From the UK Telegraph – source link
The protective bubble around the sun that helps to shield the Earth from harmful interstellar radiation is shrinking and getting weaker, NASA scientists have warned.
By Richard Gray, Science Correspondent
Last Updated: 9:23AM BST 19 Oct 2008

New data has revealed that the heliosphere, the protective shield of energy that surrounds our solar system, has weakened by 25 per cent over the past decade and is now at it lowest level since the space race began 50 years ago.
Scientists are baffled at what could be causing the barrier to shrink in this way and are to launch mission to study the heliosphere.
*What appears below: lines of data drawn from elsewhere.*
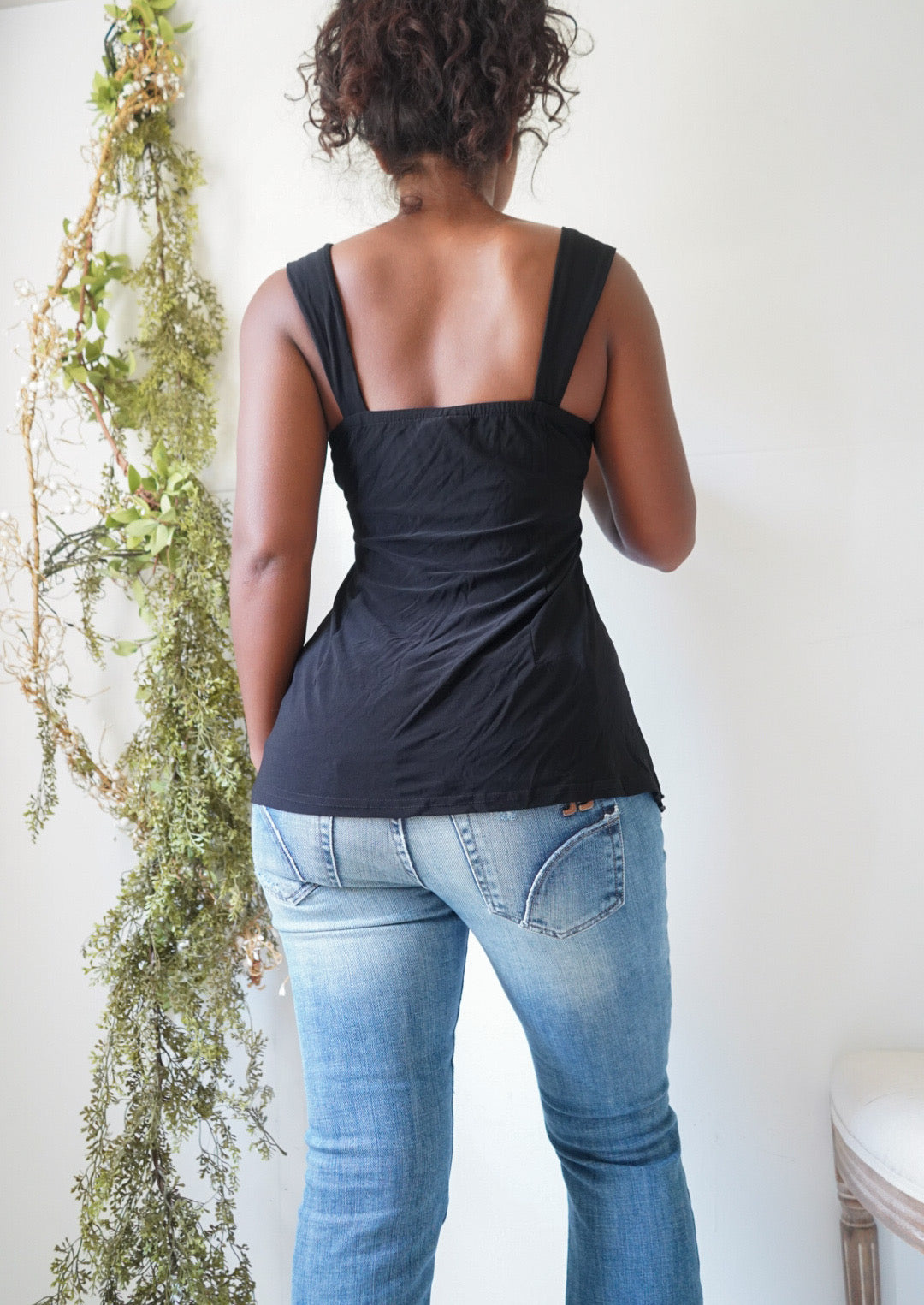 Y2K Embellished Black Babydoll Top
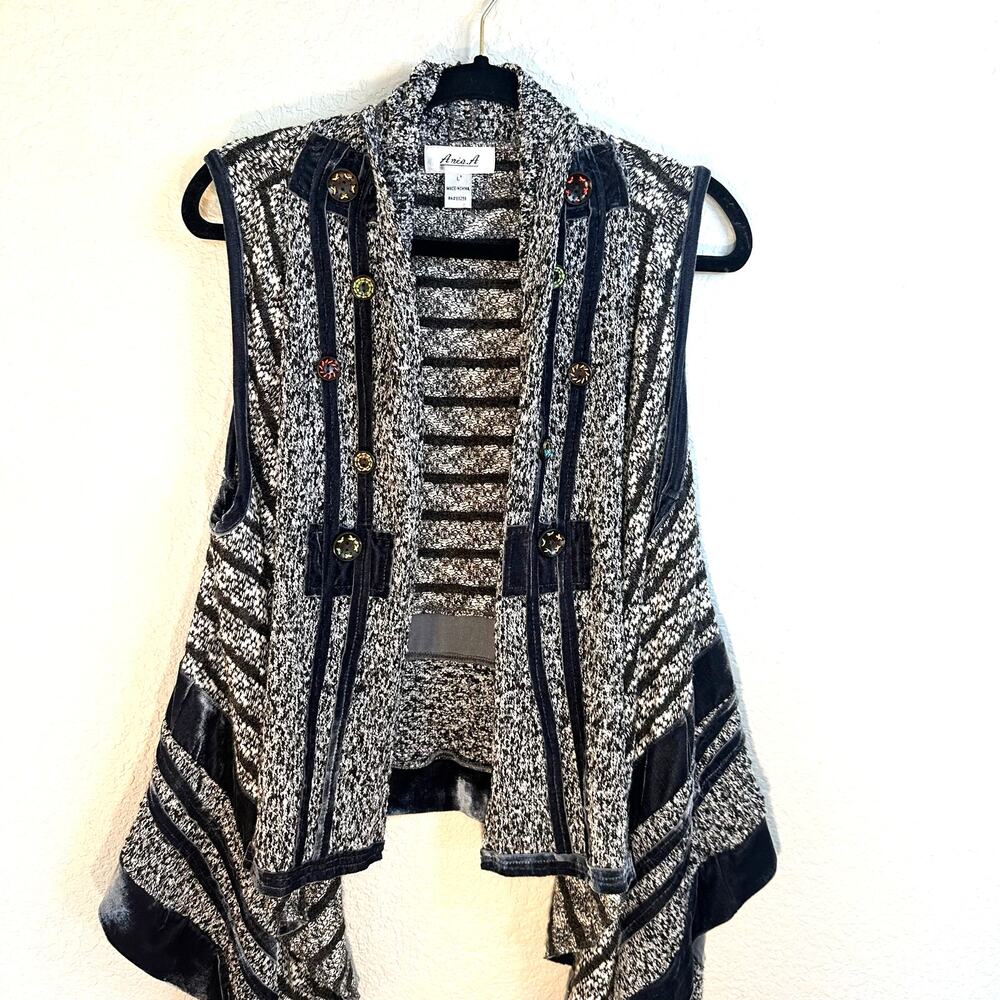 Anis.A Women's Gray Black Stretch Open Front Wrap Vest Sweaters Size Large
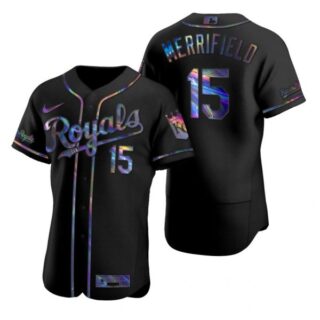 Men's Whit Merrifield Kansas City Royals Flex Base Jersey Black Holographic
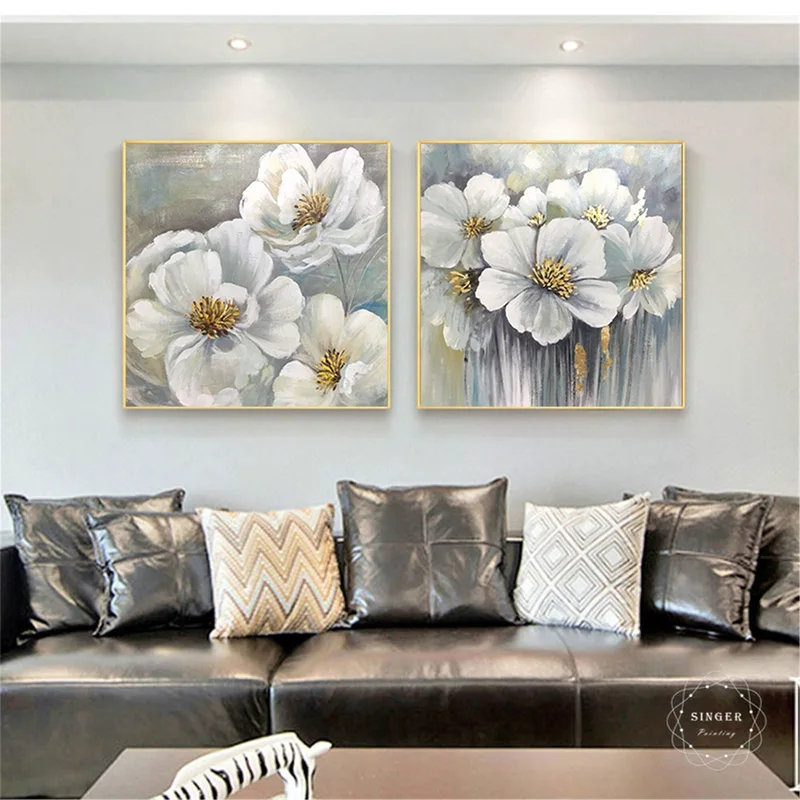 Pink Flower Painting Acrylic Canvas Art for Personalized Wall Gifts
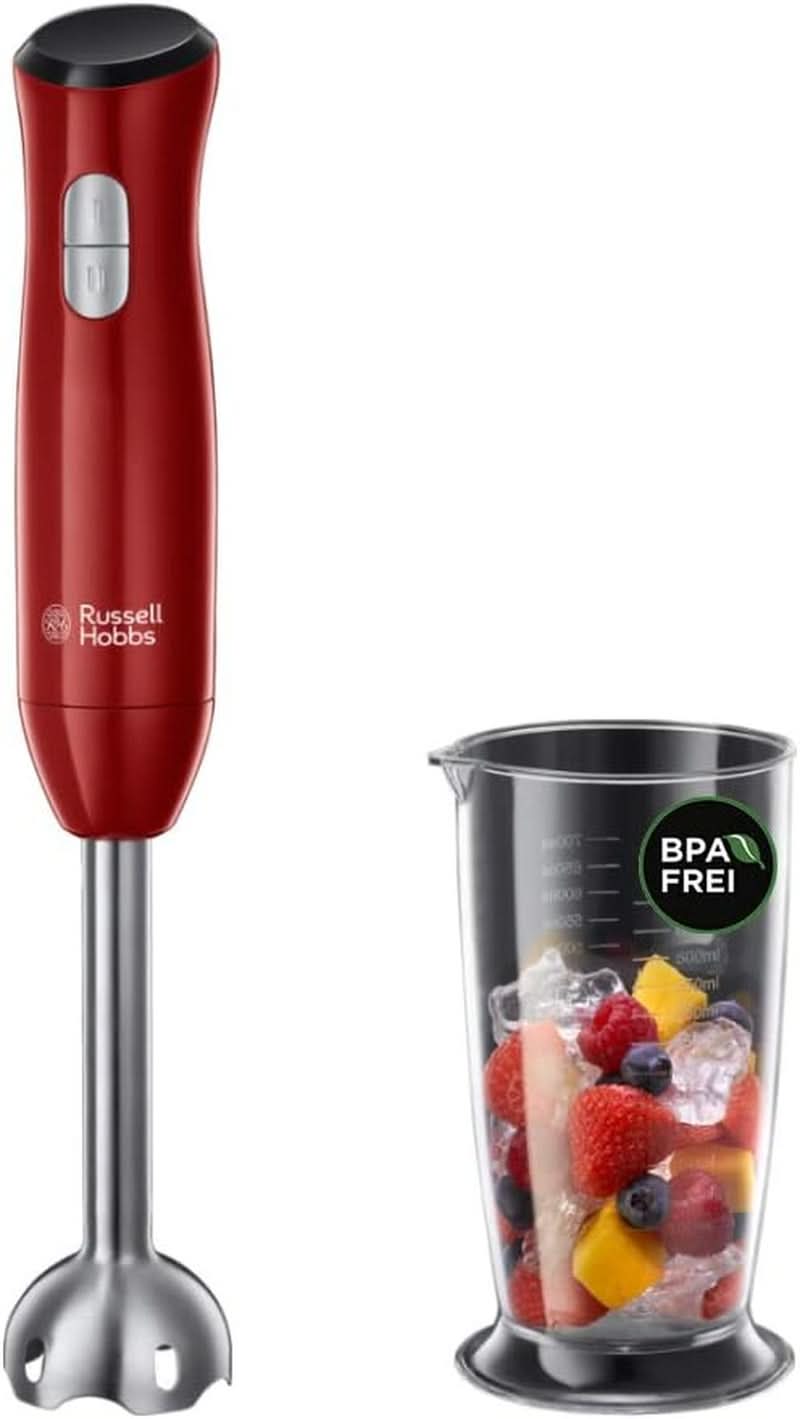 Russell Hobbs Handmixer [Handrührgerät] Desire Rot (5 Geschwindigkeitsstufen+Turbofunktion, 2 spülmaschinengeeignete Rührbesen & Knethaken, Auswurftaste, Aufrechte Parkposition) Handrührer 24670-56 Bucatarie Naty Shop Single Desire Standmixer
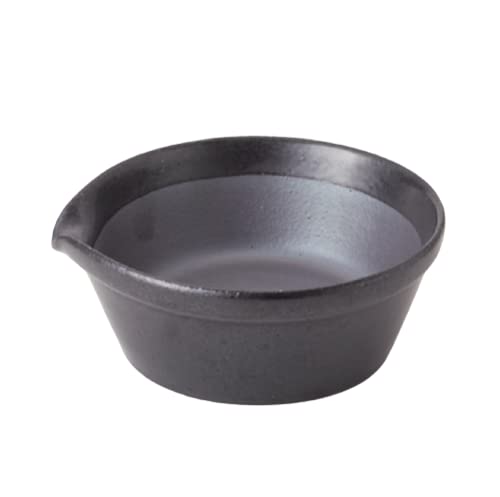 Kamoshika Douguten Large Mortar and Pestle, Made in Japan, Banko Ware Ceramic, Flat Bottom (Large Mortar and Pestle (Black))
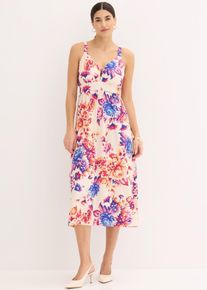 bonprix Maxikleid mit tiefem Ausschnitt, beige, Gr.44/46 (L), Stylisches Kleid mit toller Passform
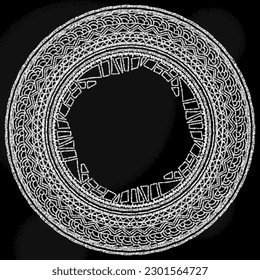 Illustration of a chalk-style mandala and dream catcher on a blackboard background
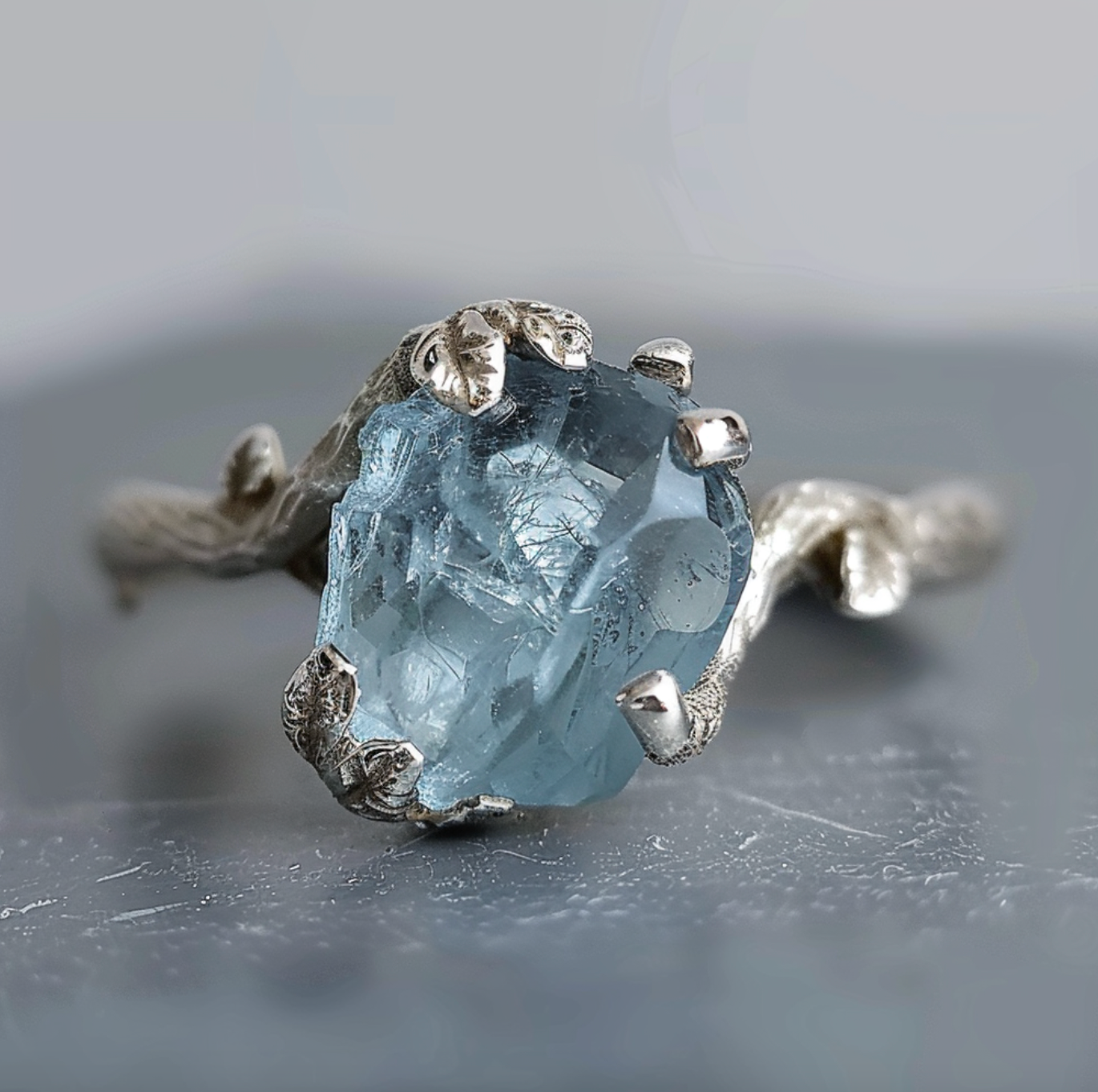 Solitary Raw Aquamarine Engagement ring, Nature'a collection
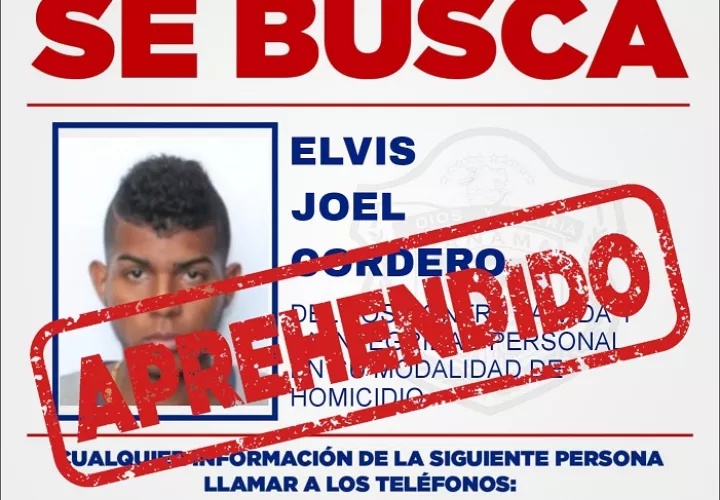 Elvis Joel Cordero, incluido en la lista de los "Más Buscados" por los delitos de homicidio y tentativa, fue aprehendido en Cativá.  /  Foto: PN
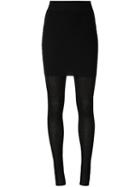 Dolce & Gabbana Overlay Leggings, Women's, Size: 42, Black, Silk/cashmere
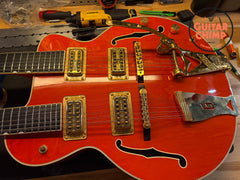 1997 Gretsch G6120-6/12 Nashville Double Neck Orange Stain MIJ OHSC Rare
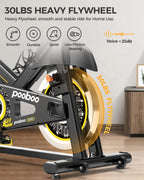 pooboo Indoor Exercise Bike With Adjustable Resistance And Belt Drive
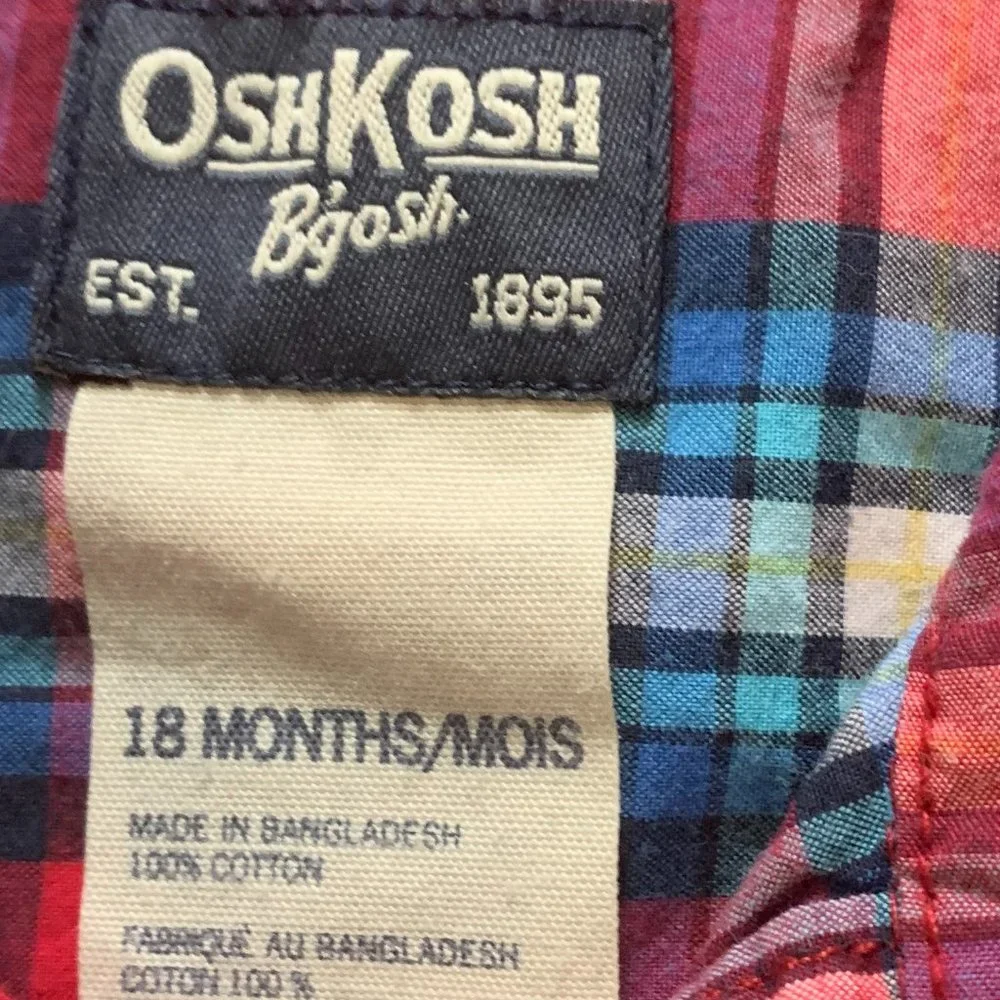 Osh Kosh b Gosh long sleeve plaid button down 18M
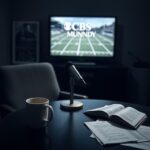 Flick International Dimly-lit interview set with an empty chair and microphone, evoking tension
The Interstellar Boundary Explorer, or IBEX, will be launched from an aircraft on Sunday on a Pegasus rocket into an orbit 150,000 miles above the Earth where it will “listen” for the shock wave that forms as our solar system meets the interstellar radiation.
Dr Nathan Schwadron, co-investigator on the IBEX mission at Boston University, said: “The interstellar medium, which is part of the galaxy as a whole, is actually quite a harsh environment. There is a very high energy galactic radiation that is dangerous to living things.
“Around 90 per cent of the galactic cosmic radiation is deflected by our heliosphere, so the boundary protects us from this harsh galactic environment.”
The heliosphere is created by the solar wind, a combination of electrically charged particles and magnetic fields that emanate a more than a million miles an hour from the sun, meet the intergalactic gas that fills the gaps in space between solar systems.
At the boundary where they meet a shock wave is formed that deflects interstellar radiation around the solar system as it travels through the galaxy.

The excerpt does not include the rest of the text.